“Oh, nothing,” I said, snapping the book shut. “Just wondering if I’m a joke to the seers. ‘Let’s tell everyone this half-breed with no access to her mana will be the savior of kingdoms and clans, and see how many corpses pile up while they wait.”
Wynnie shook her head, though a grin tilted her lips. “I think everything is a joke to the seers. Most of the time I think they’re doing it on purpose, but I don’t know why anyone would base their life choices off of them.”
A stab of guilt gnawed through me.
I couldn’t quite put Nevara in the same category as the other seers. I didn’t see her as a manipulator, a liar, or just another seer twisting me like a pawn. I hoped she was better than that.
But hope was dangerous.
Then again, if the book had taught me anything, it was that even dragons abandoned the realm when hope finally ran out, and mine had been in short supply enough as it was.
I shut the book on dragons at last. Some part of me had hoped that the palace had given it to me in the same way the oddly opinionated closet sometimes threw out just the outfit I needed. I had thought perhaps the book might provide some unexpected answers about the monster getting through the wards, or my mana, or literally anything.
But I was out of books and out of options. I needed my frost-damned compendium.
Draven
I felther before I saw her.
I had already leapt to my feet after yet another puncture against the wards, when the pull between us grew even more taut than usual. Then the door swung open on its hinges, and she stood in its frame.
Her navy hair was piled on top of her hair in a haphazard style I was certain Mirelda hadn’t approved. Several waves sprung free to frame her delicate features.

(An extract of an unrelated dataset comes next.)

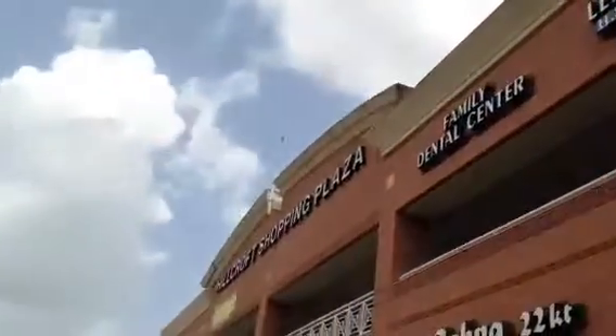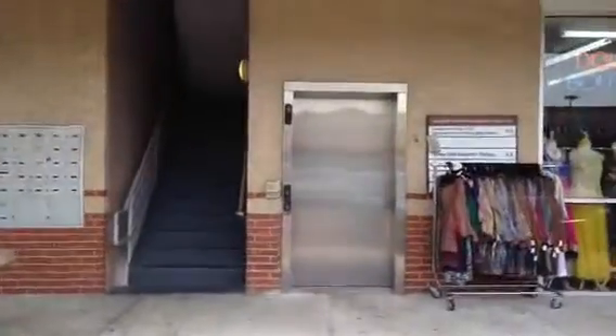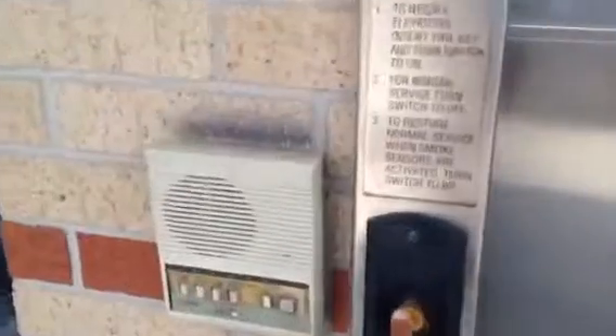We are here at Hillcroft Shopping Plaza in Houston, Texas. Over here, this might be a Schindler 321A.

She must have been bundled in her blankets—warm—because she hadn’t thrown a dressing gown over her silky nightgown. But she wasn’t warm anymore, evident by the hardened peaks straining the thin silver fabric.
A rush of heat cut through the cold that coursed through my veins, sharp and unwelcome.
She followed my gaze before she hurriedly crossed her arms over her chest, a pale pink blush spreading across her cheeks.
She stepped inside, shutting the door behind her with her hip. Then she turned to face me, silhouetted by the river of green and teal lights shining from the night sky.
“I need you to take me to my father’s estate.”
Of course she came here to throw everything to hells, right as I finally had word that the Archmage would arrive tomorrow.
All at once, I saw her standing in the hall between our rooms.
We have to get to Thistlerun Keep. You have to take me there now.
She wasn’t panicked now like she had been then, but there was a subtle desperation coming through all the same that I didn’t begin to trust.
“No.” I told her what I should have said the first time, if I hadn’t been too distracted by her tears and the emotions rolling off of her.
Or more accurately, if I hadn’t been distracted by the fact that I cared about those things, the unsettling awareness that my wife had the power to make me act against every sense of reason.
I knew better now.
She tilted her chin in the obstinate way that meant she was about to push back, and I cut her off, crossing my arms.
“Need I remind you what happened the last time you begged me to icewalk you somewhere?”
Her lips parted, and she stood to her full, yet still insubstantial, height. “No, you don’t need to remind me of my capture and subsequent torture, though I do appreciate the offer.”
Sarcasm coated her tone like snow on a broken window, obscuring the jagged edges of her words.
A muscle worked in my jaw at the reminder that she had been hurt there. The air came to life around us, swirling in a menacing icy arc that dislodged several more wavy strands of hair from Everly’s messy bun. I forced myself to take a breath, to remember that whatever else had happened to her, she had told me more than once that she would rather be there.
That she wasn’t above working toward that end.